A 3 dimensional reservoir simulation model of the Harmattan East gas condensate field was linked with a surface facilities model in order to predict future gas deliverability and evaluate further capital expenditures, such as additional compression or horizontal infill wells. Using a more rigorous approach for this complex reservoir resulted in an increase in the estimated original gas in place, and allowed surface facility decisions to be tied to the infill drilling program. This model yielded more accurate results than a tank model because of the large permeability and pressure variations within the field.

Introduction

The Harmattan East field is located approximately 80 km north of Calgary, Alberta, Canada (Fig. 1). The field was discovered in 1956, and includes a large gascap with two attached oil columns. Currently there arc 32 wells drilled into the gascap. A gascap cycling scheme was implemented in 1962 to increase and accelerate the recovery of natural gas liquids, and to partially maintain oil column pressure (Fig. 2). Dry gas injection was stopped in 1991, when full blowdown of the gascap commenced. Gas production started in 1964 and reached a peak of about 4700 (E+03) m3/D in 1977. Production has declined by approximately 15% per year since 1992, dropping from 4000 (E+03) m3/D to about 2700 (E+03) m3/D at the beginning of 1995. The condensate gas ratio (CGR) has risen slightly to about 250 m3/(E+06)m3 since gas injection stopped.
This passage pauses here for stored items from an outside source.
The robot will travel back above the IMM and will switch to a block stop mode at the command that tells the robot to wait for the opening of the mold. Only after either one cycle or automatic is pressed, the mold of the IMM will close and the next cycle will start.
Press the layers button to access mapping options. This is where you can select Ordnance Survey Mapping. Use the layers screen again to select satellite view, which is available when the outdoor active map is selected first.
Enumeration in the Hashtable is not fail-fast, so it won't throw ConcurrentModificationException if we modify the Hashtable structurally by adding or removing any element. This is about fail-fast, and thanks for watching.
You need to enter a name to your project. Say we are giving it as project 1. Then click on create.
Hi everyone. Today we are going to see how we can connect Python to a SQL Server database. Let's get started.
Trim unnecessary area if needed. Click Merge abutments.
Production is obtained from the Mississippian Turner Valley formation at a depth of about 2600 m. Typical reservoir parameters are presented on Table 1. Reservoir development occurs in zones of porous dolomite with associated beds of dense limestone. There are four distinct producing layers with limited vertical communication. The reservoir is bounded downdip by an erosional channel, and updip by erosional truncation of the Turner Valley formation. Communication between the gascap and the main oil column is apparently restricted by an erosional channel. The reservoir boundary to the north of the field is not well defined.

The main purpose of the simulation study was to predict the incremental deliverability resulting from an increase in facility compression. In addition, it was desired to confirm the original gas in place (OGIP), and to estimate the incremental production from infill wells.
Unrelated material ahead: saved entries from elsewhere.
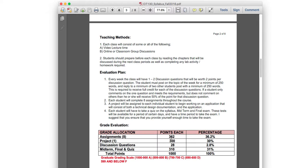There are eight assignments worth 362 points total, which is 36.2% of your grade. You also have a final project worth 30% of your grade — we'll discuss that around week two or three. It'll be an individual project. Discussion questions are 2.8% — a small percentage, but 28 points is the easiest grade you can get.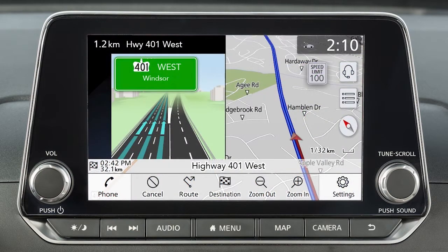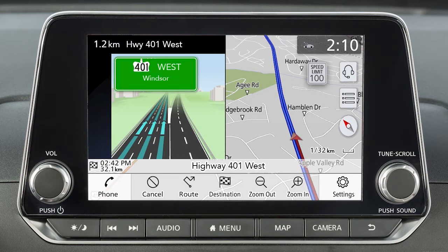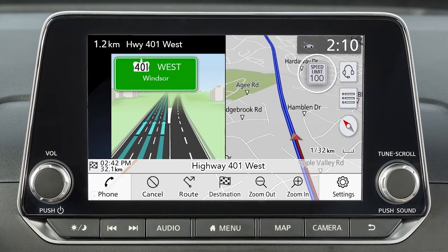Depending on settings and destination status, various types of information can be viewed on the map screen, including vehicle location, the name of the current street, the distance to and turn direction at the next guide point, waypoints along the route, location of the destination, remaining distance to the destination and estimated travel time remaining. If available, speed limit information may also be displayed for the current road.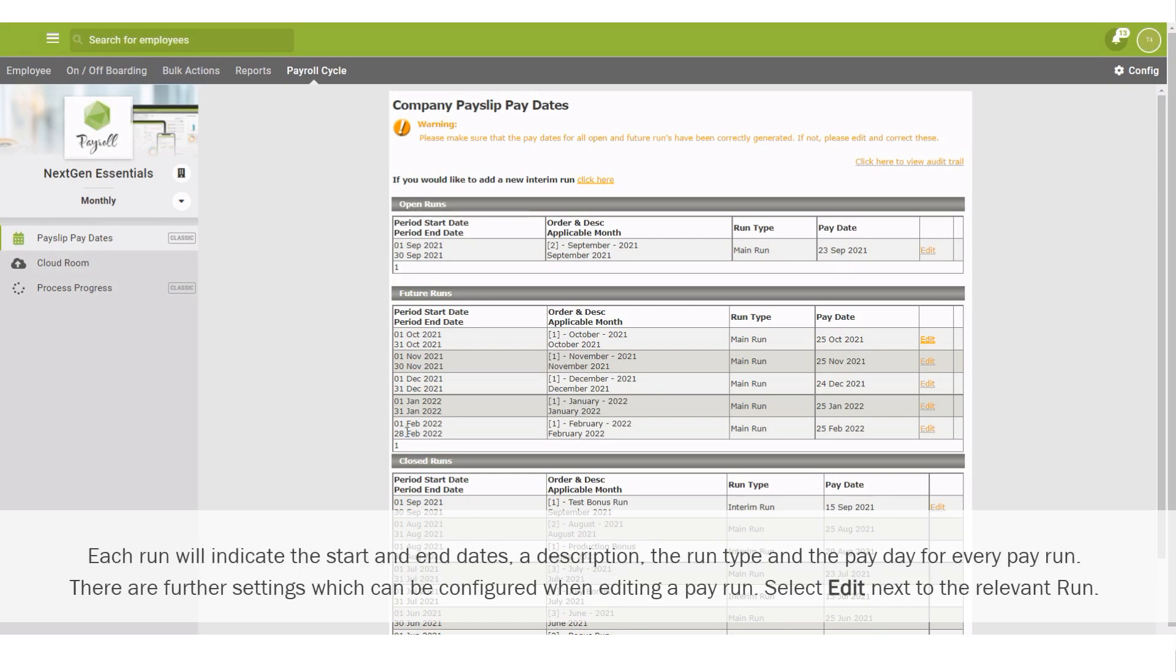Each run will indicate the start and end dates, a description, the run type and the pay date for every pay run. There are further settings which can be configured when editing a pay run.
A simulation study was considered necessary because the reservoir pressure in the gascap varies significantly over the 15 km from north to south (Fig. 3). For example, in 1992 the pressure in the low permeability northern areas was about 21 MPa, while the pressure in the south was about 7.5 MPa. This pressure variation complicates the determination of OGIP using a P/Z plot. Also, it is difficult to estimate the incremental production resulting from infill wells drilled in the high pressure areas of the field because these wells reduce the deliverability of existing wells by increasing the pressure in the gathering system. Finally, it is difficult to generate a production forecast for the case of additional compression using analytical techniques.
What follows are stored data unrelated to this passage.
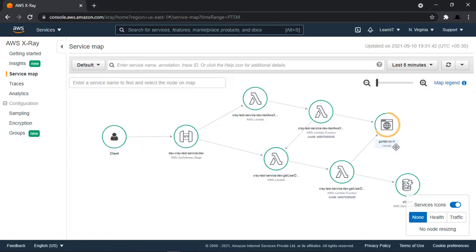So today we learned about AWS X-Ray service core concepts and its integration with serverless applications written in Java. In the upcoming videos we will look into AWS CodeCommit, CodeBuild, CodeDeploy, and CodePipeline services. Thank you for watching this video — please join me in the next videos.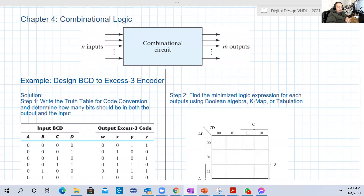Hello guys. Welcome back to lecture 11. In this lecture, we're going to explore a new chapter of the book — Manu's book — which is chapter four: combination and logic.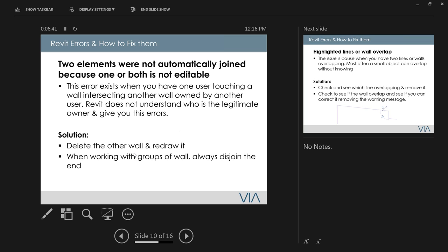The next error is 'two elements are not automatically joined because one or both is not editable.' This is very cryptic and most people don't understand it. From my experience, this error appears when you're working on a wall that's attaching to another wall owned by a different user. When you sync to the Revit central model, it doesn't know who the true owner is — that's why the error is generated.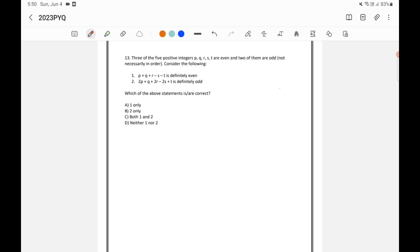Three of the five positive integers p, q, r, s, t are even and two of them are odd, not necessarily in order. This 'not necessarily in order' part is very important. Consider the following — two statements are given.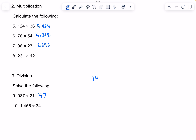Now we're doing 1,456 divided by 34. 34 goes into 145 4 times, that would be 136, which gives us a difference of 9. And we can drop to 6 right here. 34 goes into 96 twice. So let me subtract that — it would be 28.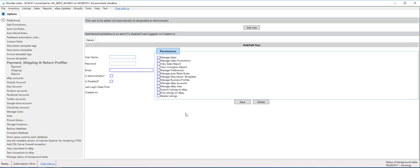So username, let's say call it admin, then you give it a password, whatever you want. The email address is not used as of today, but you can add it.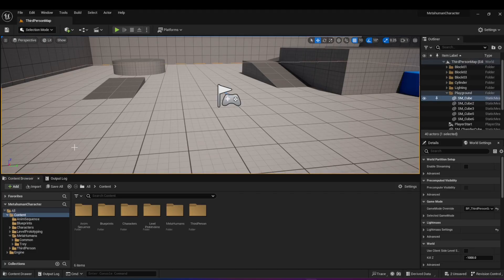In this video, I'm going to show you how to add an animation to metahumans in the animation sequencer. I've been getting a lot of comments about this. I'm not an expert in this, but I can basically show you the basics of getting an animation working in the sequencer.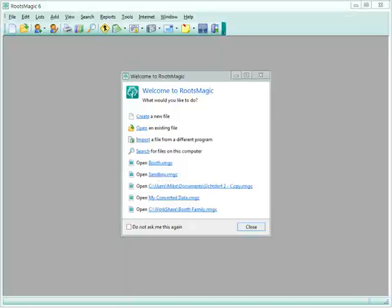Welcome! In this video we're going to show you how to import data from FamilySearch FamilyTree.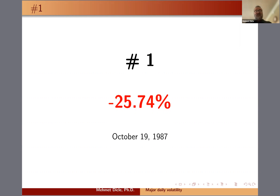I'm so glad I wasn't trading that day. I'm not that old, but it must have been a crazy day. Please let me know if you have any questions, and thank you for watching. Bye.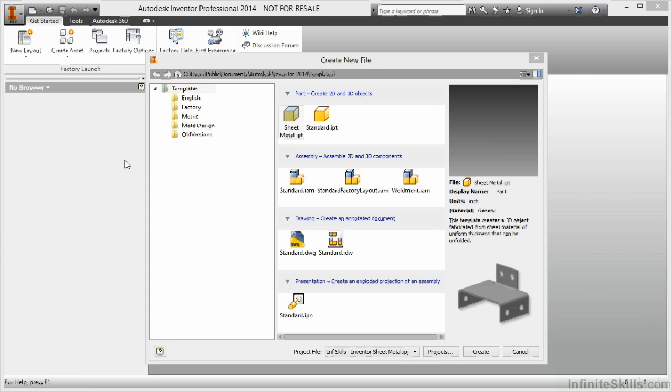In this video we're going to take a look at creating a contour flange as an initial feature inside of the sheet metal environment.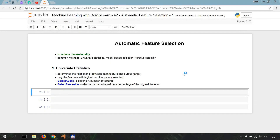Welcome to another machine learning tutorial. Today we are going to talk about automatic feature selection.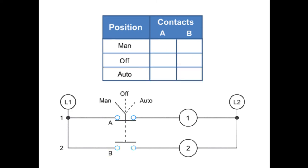In this illustration of a three position, a third row is added to the truth table, so we now have a manual position, an OFF position, and an AUTO position.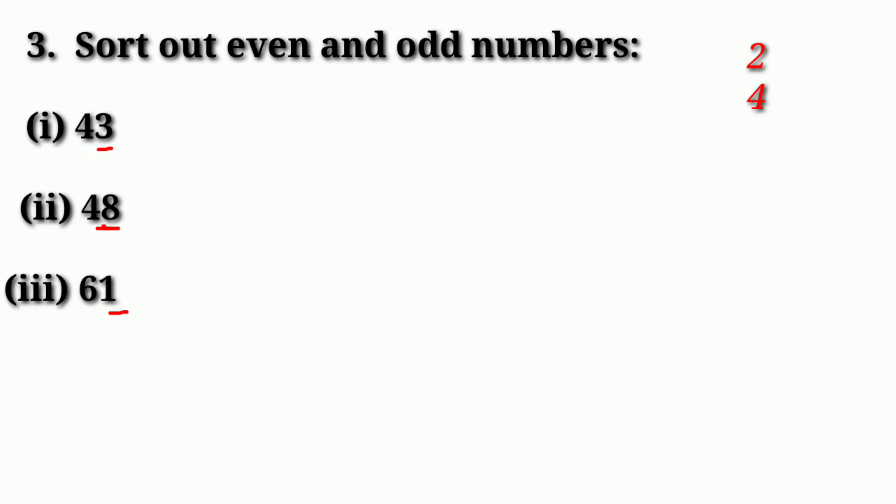You can read the table: 2 times 1 is 2, 2 times 2 is 4, 2 times 3 is 6, 2 times 4 is 8, 2 times 5 is 10, 2 times 6 is 12, 2 times 7 is 14.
A black oil simulator was used for the study due to time constraints, and also because the liquid dropout in the reservoir as a percent of hydrocarbon pore volume is under 2.5%, which is relatively low for a gas condensate.

Reservoir characterization was the key to achieving an acceptable history match relatively quickly. The permeability-thickness (kh) varied from over 10,000 md-m in the south of the field to under 10 md-m in the north, and this had to be well represented in the model in order to achieve a match. The forecasts indicated that adding a second stage of compression would be economical.